* _What you are asked to do_
The finished copy should hold every entry exactly as given, and no pictures.

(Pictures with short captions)

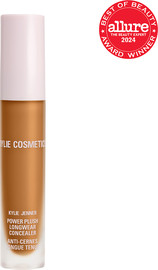 KYLIE BY KYLIE JENNER POWER PLUSH קונסילר 8N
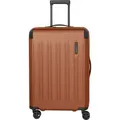 Produktbild: Travelite Dynamiic 4-Rad Trolley M 66 cm -kupfer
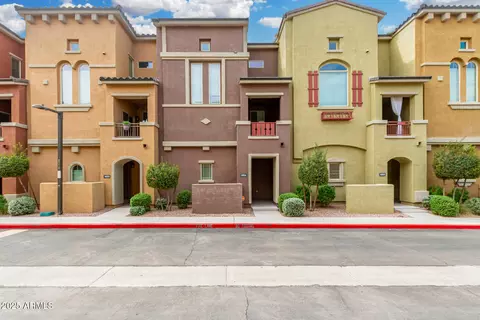 240 W Juniper Ave #1054, Gilbert, AZ 85233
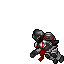 22023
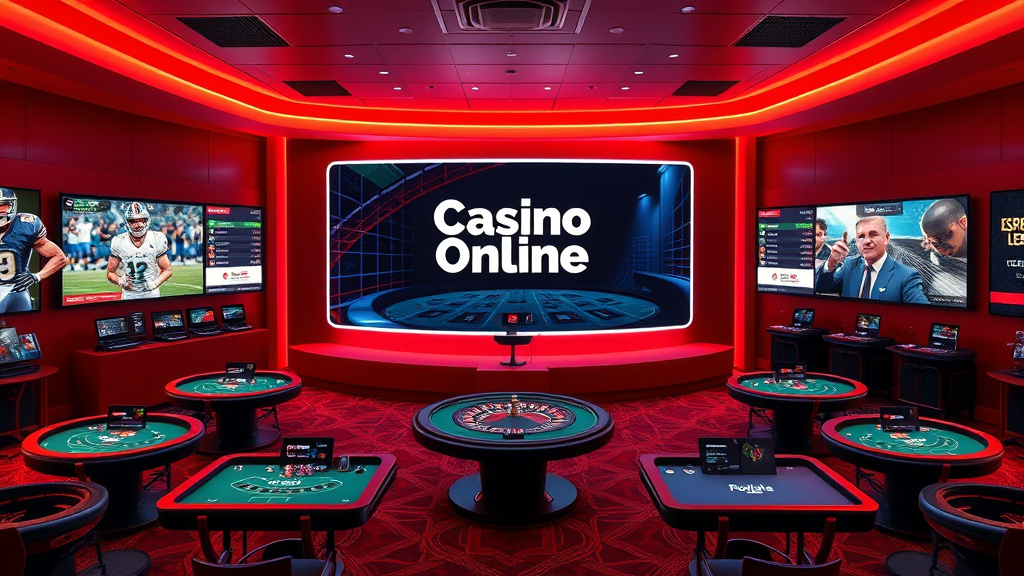 Banner www.bitbigold.com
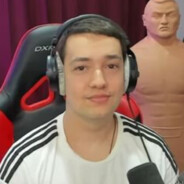18:45:54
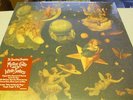 The Smashing Pumpkins - Mellon Collie And The Infinite Sadness - 4LP Vinyl Set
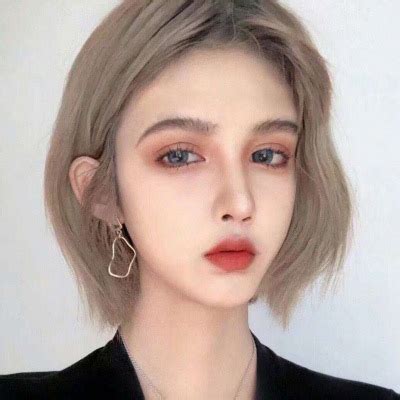 会津（高荷惠的故乡） - 游戏直播实时在线观看 - 客户端看视频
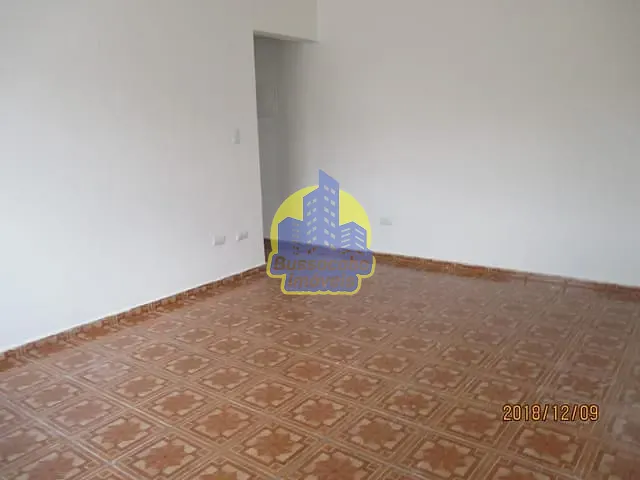 Sobrado com 205m² 5 quartos e 3 banheiros, à venda, no bairro Jaguaribe em Osasco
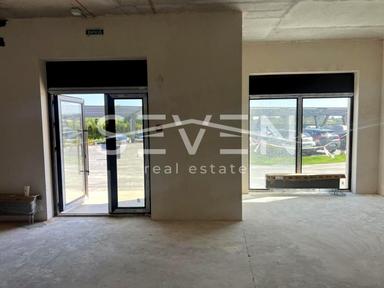 Комерційна нерухомість за адресою вул. Паркова (площа 50 м²) - Atlanta.ua - фото 32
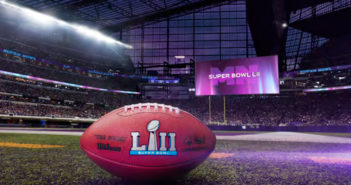 Fireside Sports With Casey Mabbott – Episode 37 – Super Bowl Preview And Predictions
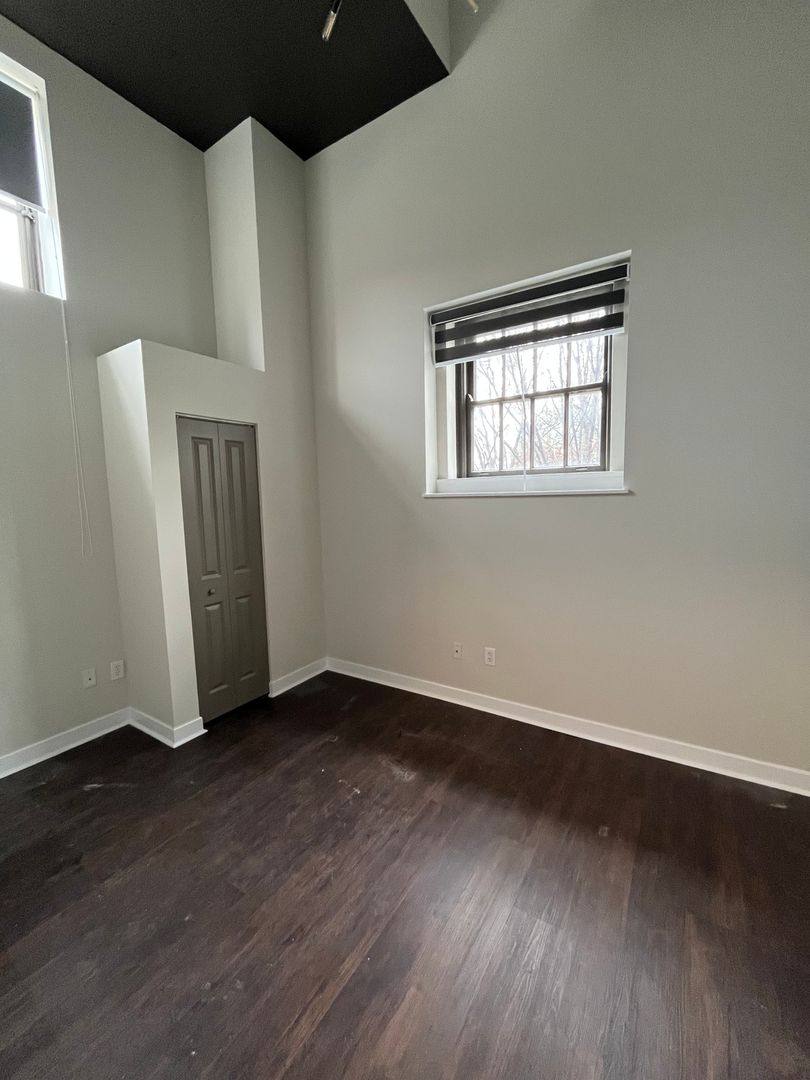 Apartment for rent at 1408 S 2nd St #202, Louisville, KY 40208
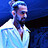 Abid_Rozdar Abid_Rozdar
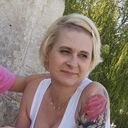 ���������� �����, ���� ������� ��������, 45 ���, ������������ ��� ������, ����� � ���������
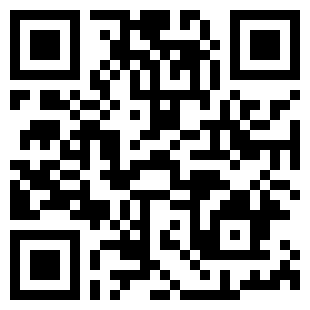 元素方尖手游安卓版下载-元素方尖2025官网新版本下载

* _Response_
 KYLIE BY KYLIE JENNER POWER PLUSH קונסילר 8N
 Produktbild: Travelite Dynamiic 4-Rad Trolley M 66 cm -kupfer
 240 W Juniper Ave #1054, Gilbert, AZ 85233
 22023
 Banner www.bitbigold.com
18:45:54
 The Smashing Pumpkins - Mellon Collie And The Infinite Sadness - 4LP Vinyl Set
 会津（高荷惠的故乡） - 游戏直播实时在线观看 - 客户端看视频
 Sobrado com 205m² 5 quartos e 3 banheiros, à venda, no bairro Jaguaribe em Osasco
 Комерційна нерухомість за адресою вул. Паркова (площа 50 м²) - Atlanta.ua - фото 32
 Fireside Sports With Casey Mabbott – Episode 37 – Super Bowl Preview And Predictions
 Apartment for rent at 1408 S 2nd St #202, Louisville, KY 40208
 Abid_Rozdar Abid_Rozdar
 ���������� �����, ���� ������� ��������, 45 ���, ������������ ��� ������, ����� � ���������
 元素方尖手游安卓版下载-元素方尖2025官网新版本下载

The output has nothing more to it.